Brief:
After locating the line that contains "Sheriffs house with" in the material below, copy that line and each one following it, exactly, up to the last line. Pictures stay out.

= = = = = = =

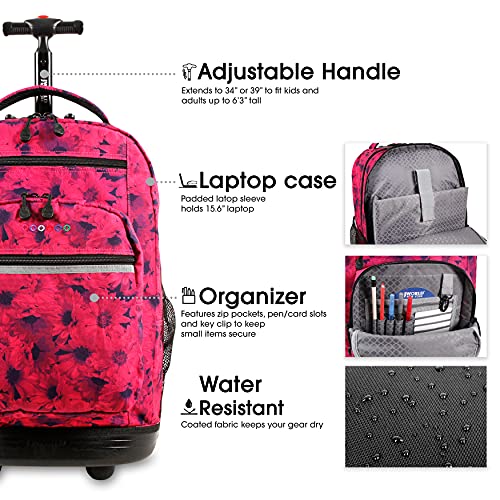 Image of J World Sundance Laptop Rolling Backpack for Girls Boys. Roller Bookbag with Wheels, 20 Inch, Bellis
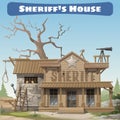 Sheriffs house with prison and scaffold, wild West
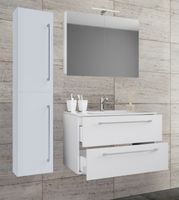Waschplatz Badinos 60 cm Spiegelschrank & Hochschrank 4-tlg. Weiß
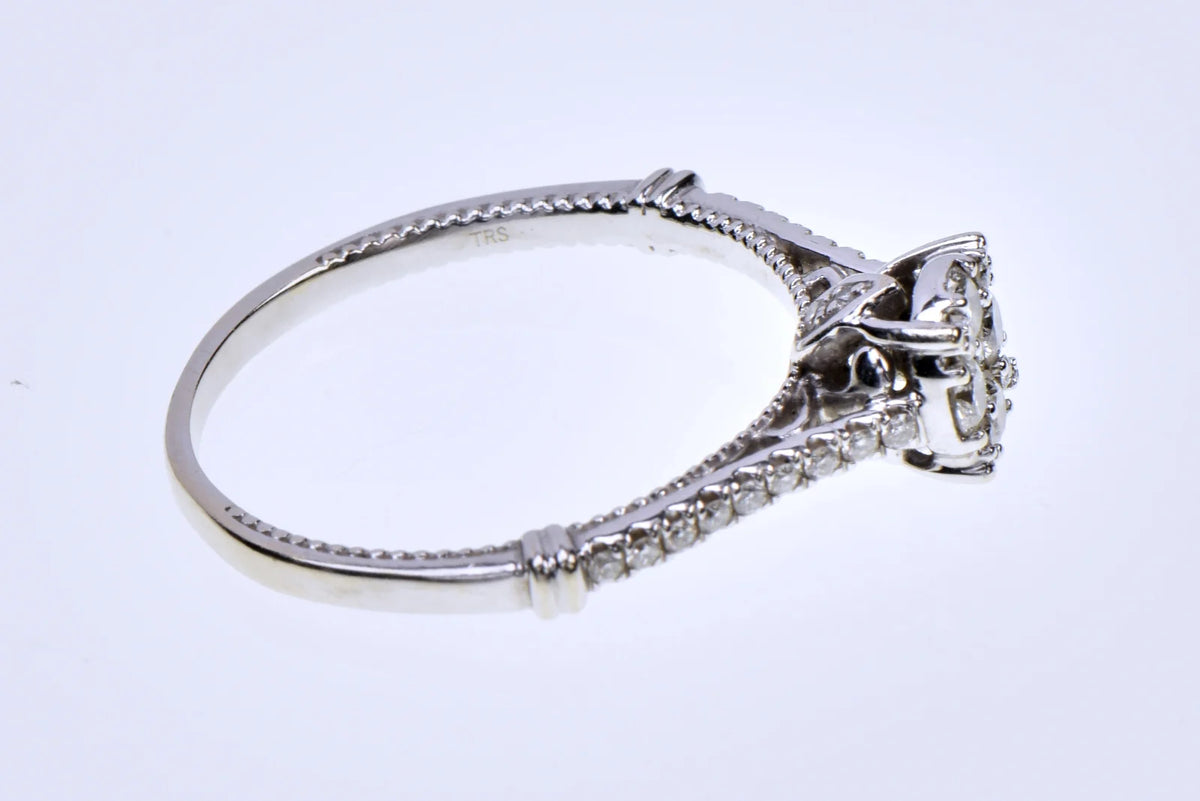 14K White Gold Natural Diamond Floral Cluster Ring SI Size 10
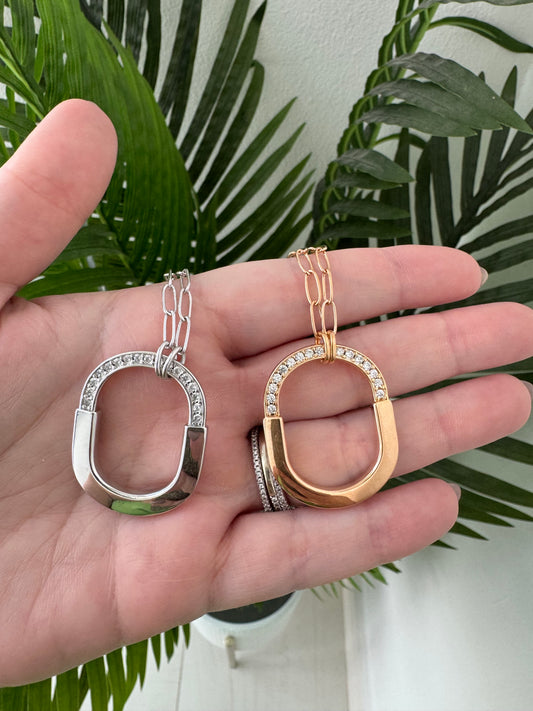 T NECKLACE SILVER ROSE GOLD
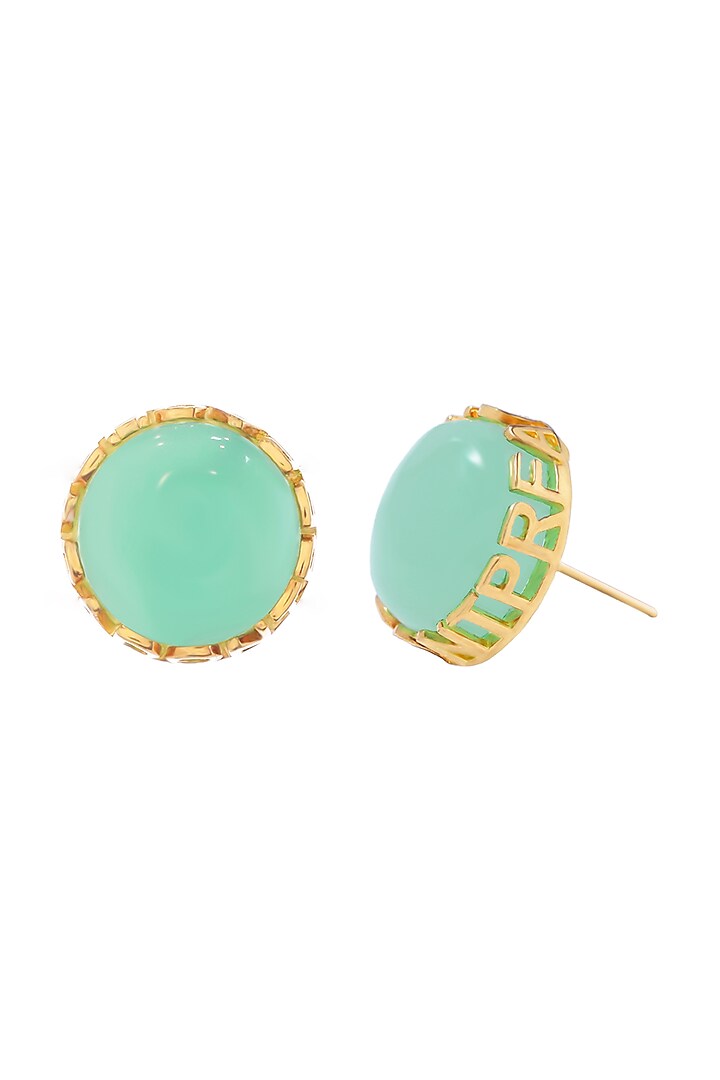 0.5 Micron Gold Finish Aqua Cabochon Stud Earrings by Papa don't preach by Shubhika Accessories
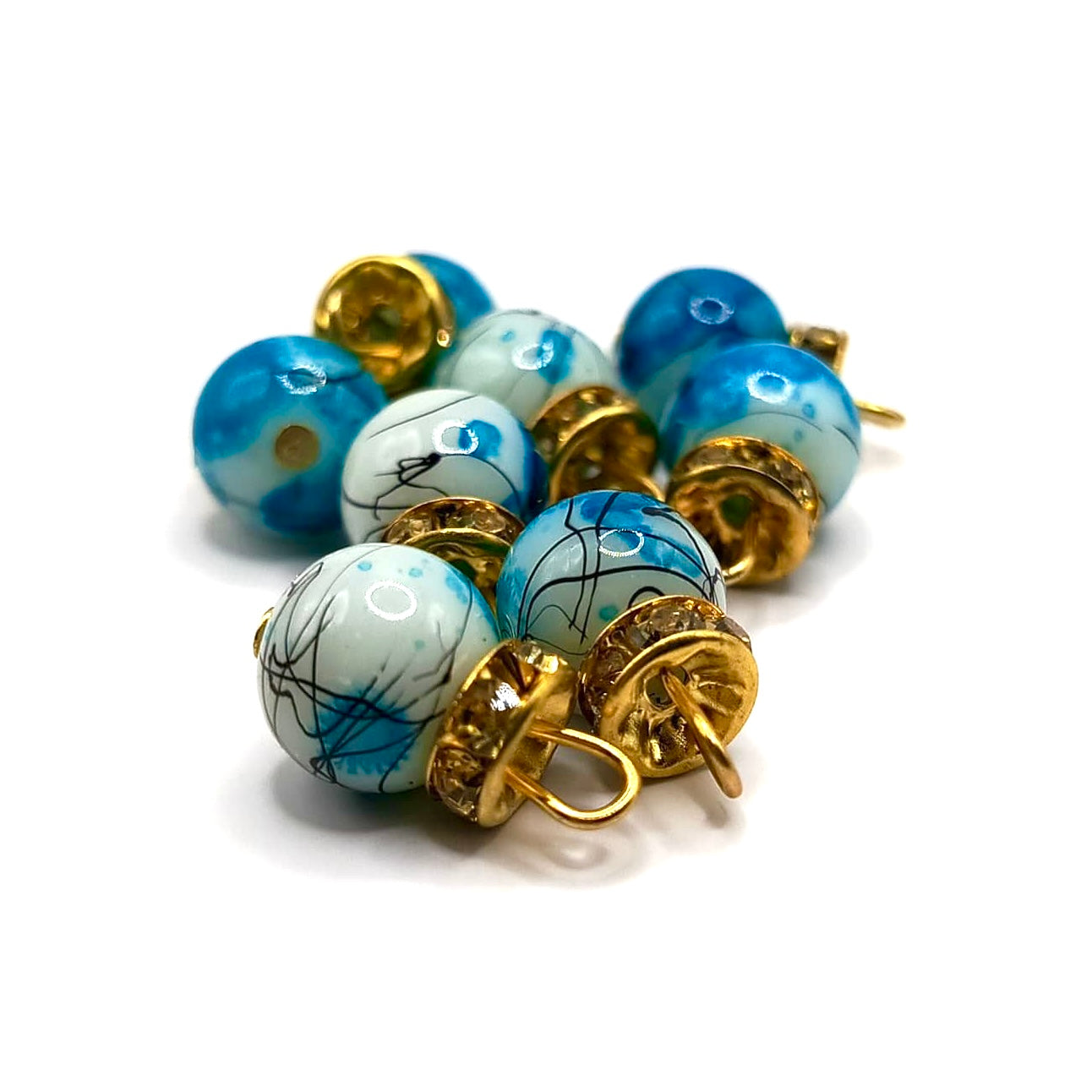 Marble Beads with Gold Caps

= = = = = = =

Answer area:
 Sheriffs house with prison and scaffold, wild West
Waschplatz Badinos 60 cm Spiegelschrank & Hochschrank 4-tlg. Weiß
 14K White Gold Natural Diamond Floral Cluster Ring SI Size 10
 T NECKLACE SILVER ROSE GOLD
 0.5 Micron Gold Finish Aqua Cabochon Stud Earrings by Papa don't preach by Shubhika Accessories
 Marble Beads with Gold Caps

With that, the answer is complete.